David Swensen, the chief investment officer of Yale University's endowment - who has achieved near-legendary fame as an investor, said he hoped some "moderation of compensation" on Wall Street would be a result of the crisis.
"Even if the returns they generated were real, they were paid too much, and in the context of the absolutely disastrous performance of these institutions their pay was obscene," he said.
In the 10 years to June 2008, Yale's endowment returned an average of 16.3 per cent a year after fees.
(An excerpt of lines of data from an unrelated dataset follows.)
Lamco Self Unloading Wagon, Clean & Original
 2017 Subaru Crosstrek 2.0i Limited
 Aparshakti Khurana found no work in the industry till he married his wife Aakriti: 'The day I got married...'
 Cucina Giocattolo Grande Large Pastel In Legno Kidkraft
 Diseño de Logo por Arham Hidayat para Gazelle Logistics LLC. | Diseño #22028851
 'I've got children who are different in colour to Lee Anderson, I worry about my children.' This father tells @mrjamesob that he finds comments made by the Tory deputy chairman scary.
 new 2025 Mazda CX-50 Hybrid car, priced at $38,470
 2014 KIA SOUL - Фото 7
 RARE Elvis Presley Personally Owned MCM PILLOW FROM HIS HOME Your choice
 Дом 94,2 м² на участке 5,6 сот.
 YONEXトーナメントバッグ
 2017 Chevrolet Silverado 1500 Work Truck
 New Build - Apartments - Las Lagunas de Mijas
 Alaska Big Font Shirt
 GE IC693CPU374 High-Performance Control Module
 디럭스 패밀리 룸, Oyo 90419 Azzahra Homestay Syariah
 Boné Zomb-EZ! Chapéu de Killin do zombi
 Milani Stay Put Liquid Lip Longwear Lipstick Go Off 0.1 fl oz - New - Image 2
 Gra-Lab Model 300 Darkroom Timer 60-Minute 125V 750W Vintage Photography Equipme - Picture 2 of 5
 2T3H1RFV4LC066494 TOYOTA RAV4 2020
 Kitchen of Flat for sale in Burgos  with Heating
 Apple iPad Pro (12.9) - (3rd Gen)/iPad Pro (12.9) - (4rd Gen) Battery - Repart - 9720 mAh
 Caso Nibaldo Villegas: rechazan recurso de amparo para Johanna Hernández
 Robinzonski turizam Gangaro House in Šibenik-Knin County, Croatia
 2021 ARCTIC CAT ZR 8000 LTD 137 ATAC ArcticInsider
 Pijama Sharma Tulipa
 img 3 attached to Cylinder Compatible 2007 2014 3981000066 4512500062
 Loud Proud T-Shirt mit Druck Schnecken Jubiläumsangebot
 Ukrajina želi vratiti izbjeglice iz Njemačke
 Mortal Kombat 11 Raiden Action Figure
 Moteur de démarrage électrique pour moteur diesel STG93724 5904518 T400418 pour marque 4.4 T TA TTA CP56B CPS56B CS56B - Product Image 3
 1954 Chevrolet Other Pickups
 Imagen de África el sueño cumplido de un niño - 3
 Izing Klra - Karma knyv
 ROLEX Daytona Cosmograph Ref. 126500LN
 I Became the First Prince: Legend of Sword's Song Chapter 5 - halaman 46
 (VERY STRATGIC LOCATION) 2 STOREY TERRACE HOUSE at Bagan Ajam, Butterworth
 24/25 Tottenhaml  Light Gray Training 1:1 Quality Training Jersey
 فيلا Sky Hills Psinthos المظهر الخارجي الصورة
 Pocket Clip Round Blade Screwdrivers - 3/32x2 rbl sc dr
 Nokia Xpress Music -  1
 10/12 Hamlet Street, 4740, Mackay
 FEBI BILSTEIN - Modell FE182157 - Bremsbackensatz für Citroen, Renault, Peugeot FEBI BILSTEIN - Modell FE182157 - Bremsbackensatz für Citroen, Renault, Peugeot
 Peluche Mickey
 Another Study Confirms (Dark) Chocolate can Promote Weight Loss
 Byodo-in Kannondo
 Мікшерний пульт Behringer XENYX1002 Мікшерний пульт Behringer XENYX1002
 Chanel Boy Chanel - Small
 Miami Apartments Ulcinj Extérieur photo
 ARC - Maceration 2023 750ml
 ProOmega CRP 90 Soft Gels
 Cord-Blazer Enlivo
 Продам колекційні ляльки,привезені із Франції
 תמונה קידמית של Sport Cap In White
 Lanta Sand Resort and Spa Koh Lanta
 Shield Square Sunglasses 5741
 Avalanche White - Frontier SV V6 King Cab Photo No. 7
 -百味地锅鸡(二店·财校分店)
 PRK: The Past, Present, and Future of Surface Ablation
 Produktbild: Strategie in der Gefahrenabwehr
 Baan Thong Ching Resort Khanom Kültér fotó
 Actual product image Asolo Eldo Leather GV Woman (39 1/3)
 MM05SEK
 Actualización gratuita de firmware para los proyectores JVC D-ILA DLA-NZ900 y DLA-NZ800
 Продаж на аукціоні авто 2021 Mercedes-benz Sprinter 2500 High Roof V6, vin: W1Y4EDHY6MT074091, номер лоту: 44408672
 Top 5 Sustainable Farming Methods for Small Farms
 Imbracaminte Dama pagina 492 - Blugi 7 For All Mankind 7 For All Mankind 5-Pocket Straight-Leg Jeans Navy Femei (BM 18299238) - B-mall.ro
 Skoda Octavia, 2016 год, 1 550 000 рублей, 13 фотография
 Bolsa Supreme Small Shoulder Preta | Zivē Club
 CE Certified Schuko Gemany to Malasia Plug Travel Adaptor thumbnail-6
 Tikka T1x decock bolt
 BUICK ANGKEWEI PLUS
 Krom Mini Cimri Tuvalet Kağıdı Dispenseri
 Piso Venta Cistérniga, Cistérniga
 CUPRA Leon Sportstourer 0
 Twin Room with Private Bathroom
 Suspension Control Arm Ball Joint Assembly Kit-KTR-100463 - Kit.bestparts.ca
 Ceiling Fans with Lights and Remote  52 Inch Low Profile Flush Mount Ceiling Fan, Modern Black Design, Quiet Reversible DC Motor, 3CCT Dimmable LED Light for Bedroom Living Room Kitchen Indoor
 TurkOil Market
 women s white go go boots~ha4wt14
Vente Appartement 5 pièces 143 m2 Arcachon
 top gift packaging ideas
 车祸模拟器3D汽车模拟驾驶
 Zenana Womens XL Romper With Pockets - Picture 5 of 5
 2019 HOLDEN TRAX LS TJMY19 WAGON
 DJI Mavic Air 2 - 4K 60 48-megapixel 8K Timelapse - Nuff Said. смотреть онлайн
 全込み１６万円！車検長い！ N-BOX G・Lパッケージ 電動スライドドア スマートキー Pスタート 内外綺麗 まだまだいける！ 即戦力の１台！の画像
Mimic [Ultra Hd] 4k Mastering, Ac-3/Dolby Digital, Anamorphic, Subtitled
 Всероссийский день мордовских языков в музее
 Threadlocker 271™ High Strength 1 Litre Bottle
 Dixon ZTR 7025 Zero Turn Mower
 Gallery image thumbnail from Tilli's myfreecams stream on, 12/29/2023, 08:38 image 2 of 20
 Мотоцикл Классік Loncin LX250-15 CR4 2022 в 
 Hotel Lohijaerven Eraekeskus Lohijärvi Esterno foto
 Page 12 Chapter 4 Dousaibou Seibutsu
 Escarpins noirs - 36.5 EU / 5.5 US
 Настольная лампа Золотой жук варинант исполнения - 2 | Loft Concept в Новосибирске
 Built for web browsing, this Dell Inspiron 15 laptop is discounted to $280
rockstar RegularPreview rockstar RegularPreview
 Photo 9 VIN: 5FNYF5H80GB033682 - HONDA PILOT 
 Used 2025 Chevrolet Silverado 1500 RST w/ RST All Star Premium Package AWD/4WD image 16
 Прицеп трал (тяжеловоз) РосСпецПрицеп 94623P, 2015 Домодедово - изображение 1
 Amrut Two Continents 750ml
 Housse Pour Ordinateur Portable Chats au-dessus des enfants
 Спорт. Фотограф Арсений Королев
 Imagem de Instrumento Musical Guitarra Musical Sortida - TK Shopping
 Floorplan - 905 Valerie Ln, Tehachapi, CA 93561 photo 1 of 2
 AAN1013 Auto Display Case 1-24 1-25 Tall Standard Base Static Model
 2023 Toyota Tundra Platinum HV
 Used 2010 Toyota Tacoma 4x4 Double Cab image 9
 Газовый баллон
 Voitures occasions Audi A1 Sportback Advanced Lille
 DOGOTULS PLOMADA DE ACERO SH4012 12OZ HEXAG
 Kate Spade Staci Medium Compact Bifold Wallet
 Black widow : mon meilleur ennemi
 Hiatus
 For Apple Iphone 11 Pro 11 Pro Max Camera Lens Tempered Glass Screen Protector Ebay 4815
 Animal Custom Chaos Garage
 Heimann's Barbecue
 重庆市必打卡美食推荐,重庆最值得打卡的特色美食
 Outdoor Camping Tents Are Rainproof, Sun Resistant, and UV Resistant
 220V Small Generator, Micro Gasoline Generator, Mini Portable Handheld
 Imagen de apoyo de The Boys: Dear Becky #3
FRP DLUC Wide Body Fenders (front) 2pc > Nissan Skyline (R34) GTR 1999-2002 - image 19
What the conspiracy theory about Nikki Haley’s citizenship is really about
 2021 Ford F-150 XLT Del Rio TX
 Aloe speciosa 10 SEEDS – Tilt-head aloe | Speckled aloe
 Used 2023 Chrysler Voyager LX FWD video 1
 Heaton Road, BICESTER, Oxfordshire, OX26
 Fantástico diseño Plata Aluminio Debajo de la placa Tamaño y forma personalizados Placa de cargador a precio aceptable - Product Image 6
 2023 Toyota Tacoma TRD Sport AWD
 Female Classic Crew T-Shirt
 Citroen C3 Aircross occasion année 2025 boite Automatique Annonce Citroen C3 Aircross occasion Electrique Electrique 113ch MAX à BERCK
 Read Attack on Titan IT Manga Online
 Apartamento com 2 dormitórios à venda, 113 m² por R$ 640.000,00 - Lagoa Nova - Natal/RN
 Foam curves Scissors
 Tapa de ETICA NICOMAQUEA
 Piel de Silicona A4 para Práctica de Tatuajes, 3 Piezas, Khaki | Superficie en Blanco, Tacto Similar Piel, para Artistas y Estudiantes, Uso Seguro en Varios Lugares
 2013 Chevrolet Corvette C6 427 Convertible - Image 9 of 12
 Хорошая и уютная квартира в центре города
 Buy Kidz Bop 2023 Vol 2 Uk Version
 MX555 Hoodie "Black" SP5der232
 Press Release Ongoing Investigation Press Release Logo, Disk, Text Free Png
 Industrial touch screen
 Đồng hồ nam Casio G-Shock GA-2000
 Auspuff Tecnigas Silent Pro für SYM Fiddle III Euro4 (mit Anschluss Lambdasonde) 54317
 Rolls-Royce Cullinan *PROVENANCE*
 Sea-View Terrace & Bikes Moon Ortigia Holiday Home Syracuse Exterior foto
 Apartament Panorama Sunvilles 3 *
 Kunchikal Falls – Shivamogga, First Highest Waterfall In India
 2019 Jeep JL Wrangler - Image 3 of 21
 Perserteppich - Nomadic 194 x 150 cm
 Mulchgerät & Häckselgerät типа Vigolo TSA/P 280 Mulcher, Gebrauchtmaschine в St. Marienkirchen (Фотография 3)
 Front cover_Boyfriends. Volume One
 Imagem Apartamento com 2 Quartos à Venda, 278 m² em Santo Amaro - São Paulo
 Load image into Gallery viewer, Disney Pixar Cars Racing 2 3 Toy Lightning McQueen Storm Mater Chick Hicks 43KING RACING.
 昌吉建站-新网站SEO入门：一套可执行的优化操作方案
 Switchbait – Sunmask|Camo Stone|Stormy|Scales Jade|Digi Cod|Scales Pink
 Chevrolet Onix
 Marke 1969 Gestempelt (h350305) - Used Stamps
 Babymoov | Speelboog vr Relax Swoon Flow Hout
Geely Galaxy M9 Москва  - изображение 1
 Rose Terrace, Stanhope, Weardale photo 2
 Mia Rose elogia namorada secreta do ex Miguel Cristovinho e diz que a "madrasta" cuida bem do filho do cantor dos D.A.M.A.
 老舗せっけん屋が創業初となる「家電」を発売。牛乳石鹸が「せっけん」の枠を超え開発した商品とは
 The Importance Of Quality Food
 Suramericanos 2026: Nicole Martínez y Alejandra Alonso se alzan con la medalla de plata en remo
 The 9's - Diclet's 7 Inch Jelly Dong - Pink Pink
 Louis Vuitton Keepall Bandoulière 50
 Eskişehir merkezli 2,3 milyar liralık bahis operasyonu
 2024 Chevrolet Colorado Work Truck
That is almost three times the return of the average college endowment.
In the 25 years since he took the helm, Mr Swensen turned the traditional endowment model, which had 80 per cent of the money in US stocks and bonds, on its head, putting most of the money into private equity, hedge funds, non-US securities and property.
Despite allocating money to 100 managers, he is highly critical of the money management industry.
Mr Swensen recently revised his book - Pioneering Portfolio Management - that outlines his philosophy and packed it with recent examples of venality.
Fortress, Goldman Sachs, Microsoft, Morgan Stanley and large buy-out funds are among those which he criticises for self-interested actions at the expense of their investors.
"Look at investment banks and how they price swap transactions. Instead of being symmetric and using the same discount rate when selling and buying, they will say that on the cash flows you owe us, we're going to use a low discount rate, and on the cash flows we owe you, we're going to use a high discount rate. It's stunning that anyone could say something like that with a straight face," said Mr Swensen.
"This bad, predatory behaviour - unilaterally changing marks, asking for more collateral, etc - it seems the financial crisis stripped off this veneer and caused them all to behave in more venal ways," said Mr Swensen.
"The overwhelming number of investors fail because the fees charged by the investment management industry are egregious relative to the amount of value that is added. It is really quite stunning," he said.
Mr Swensen said nobody at all should use hedge funds of funds, which take investor money and, for an additional fee, allocate it to a range of hedge funds.
"You can't make sensible investment decisions with fund of funds or consultants. Madoff is just a great example of the dangers of making an investment and not understanding where the money is going."
He said the $17bn Yale endowment was shifting as much available money as possible into distressed debt.